Scottish Aggregates Tax starts 1 April at £2.16 per tonne
“From 1 April 2026, the applicable rate of tax will be £2.16 per tonne of taxable aggregate,” Ivan McKee told MSPs earlier this month. Ministers have now signed and laid the Commencement No. 4 regulations (SSI 2026/84)-made on 12 February and laid on 16 February-confirming go‑live for the Scottish Aggregates Tax and switching on penalty and appeal arrangements alongside it. (parliament.scot)
For readers on this side of the border, the practical takeaway is simple: tax follows the job. HMRC has confirmed that when taxable aggregate crosses the Scotland–England line, the producer is responsible for paying the tax in the destination country-Scottish Aggregates Tax for material used in Scotland; Aggregates Levy for material used in England, Wales or Northern Ireland. (gov.uk)

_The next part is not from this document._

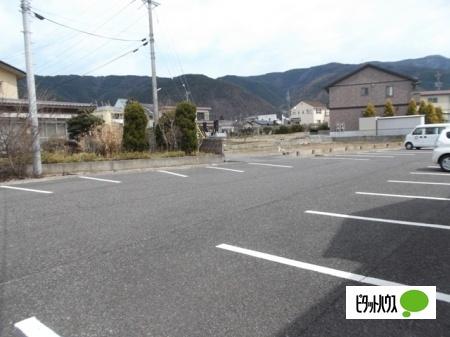 ラ･エスペランサ（102） 駐車場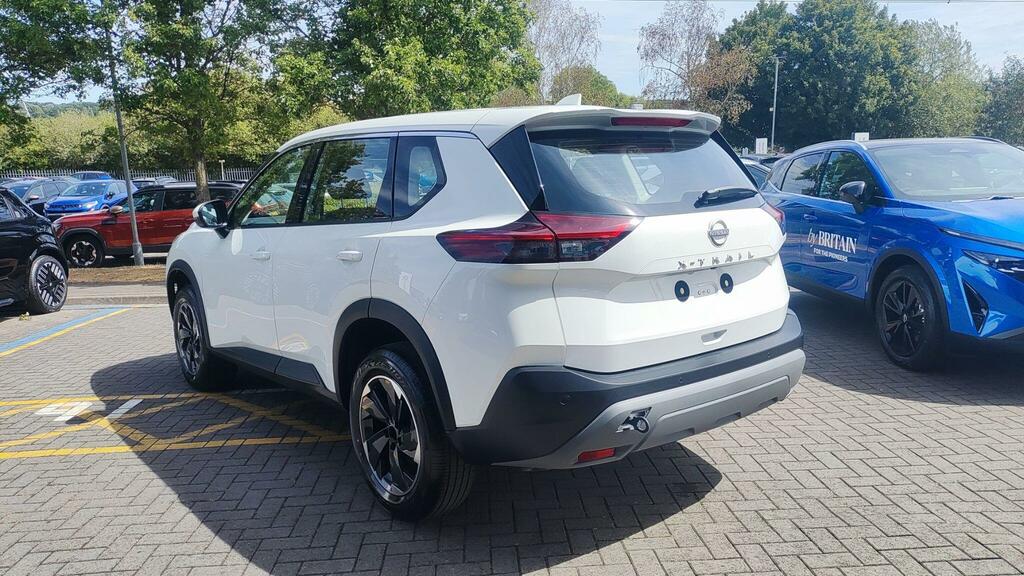 Nissan X-Trail 1.5 Dig-t Mhev Acenta Premium Xtron Euro 6 Ss 5 White #3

Budgets get a bit of breathing room because the Scottish rate matches the UK rate in year one. HM Treasury’s tables put Aggregates Levy at £2.16 per tonne from 1 April 2026, and ministers at Holyrood say Scotland’s devolved rate will align for stability during the handover. (gov.uk)
Revenue Scotland will run the system. Enrolment is open and being phased, with most operators seeing a three‑to‑four‑week turnaround from submitting the form to receiving the letter to set up a SETS online account. If you plan to exploit aggregate in Scotland after 1 April, make sure your registration is moving. (revenue.scot)
Penalties and appeals will apply from day one. The 2024 Act allows for penalties where tax isn’t paid and provides routes for review and appeal, while separate commencement on 19 January activated new Revenue Scotland powers on set‑off, automation and communications so the back‑office is ready. (parliament.scot)
This is not an abstract policy for the North. Stone from Scottish quarries already turns up in Cumbria and Northumberland, and vice versa for major public works and housing. The destination rule means invoices, returns and any credits need to match where the aggregate is actually used, not where it was dug or traded. (mineralproducts.org)
Industry groups want a steady first year. The Mineral Products Association Scotland said it welcomed alignment and warned that early divergence could “create unnecessary market disruption”. For North suppliers straddling both markets, the matched rate removes at least one variable as energy and haulage costs keep moving. (mineralproducts.org)
Local authorities should check the small print. From 1 April, deliveries into Scottish road maintenance and housing projects will carry SAT at £2.16 per tonne, while call‑offs to sites in the North of England keep the UK levy. Finance teams should review contract schedules, price adjustment clauses and the treatment of cross‑border tax credits. (gov.uk)
The legislative path has been long. The Bill passed on 1 October 2024 and received Royal Assent on 12 November 2024; ministers have since phased commencement through a series of regulations, with this week’s instrument bringing the tax and its compliance machinery into effect on 1 April. (parliament.scot)
What to watch next: detailed SAT guidance is rolling out through early 2026, including webinars and cross‑border scenarios to help producers and merchants avoid double taxation. If you supply either way across the line, build the destination rule into your systems now. (revenue.scot)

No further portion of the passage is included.